Car industry Audi bounces back in the second quarter

SDA

25.7.2024 - 09:51

Audi factory: The VW subsidiary's sales in the second quarter were almost at the previous year's level, while profits were only slightly lower. (archive picture)
Audi factory: The VW subsidiary's sales in the second quarter were almost at the previous year's level, while profits were only slightly lower. (archive picture)
Keystone

The second quarter was anything but brilliant for Audi, but compared to the very weak start to the year, the VW subsidiary has improved significantly. Nevertheless, it is lowering its profit expectations.

In the first half of the year, Audi made around 1.1 billion euros less profit, while turnover slumped by 3.2 billion euros, as the German car manufacturer announced. As bitter as these figures are at first glance: They show a clear upward trend, as Audi had already reported declines after the first quarter, which were only marginally lower in total.

Turnover in the second quarter was therefore almost at the previous year's level, with profits only slightly lower. CFO Jürgen Rittersberger also emphasized: "The second quarter was significantly better than the first quarter. We were able to catch up."

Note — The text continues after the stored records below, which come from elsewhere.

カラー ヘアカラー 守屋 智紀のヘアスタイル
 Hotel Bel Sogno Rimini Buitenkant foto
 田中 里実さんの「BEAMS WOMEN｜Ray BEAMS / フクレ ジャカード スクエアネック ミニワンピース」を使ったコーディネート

This was partly due to the fact that supply problems for parts for the large V6 and V8 engines, which are usually installed in more expensive and higher-yielding cars, eased in the second quarter. Rittersberger said that supplies were now "very good again".

He expects production to return to normal in the third quarter, which will help the Group not only in terms of vehicle volume but also in terms of earnings. In concrete terms, turnover in the first half of the year amounted to 30.9 billion euros, with a profit of just under 2.2 billion euros.

Forecast lowered

Nevertheless, Audi has lowered its profit expectations for the year as a whole. The forecast for the operating return on sales is now 6 to 8 percent - instead of 8 to 10 percent.

According to Rittersberger, the reason for this is the cost of restructuring in Brussels. The entire plant there is on the brink of collapse - among other things because the electric models produced there may be discontinued prematurely. However, Audi did not provide any further details about Brussels at this time.

Overall, Audi is still in a "year of transition", said Rittersberger - as was already the case after the first quarter. However, he expects significant improvements thanks to numerous new models that are gradually being introduced. These should then also give the recently sluggish growth in electric cars a "decent boost" from the fourth quarter and especially in the coming year.

However, Audi does not want to get involved in the current price competition for electric cars in China. This is "ruinous", said the CFO.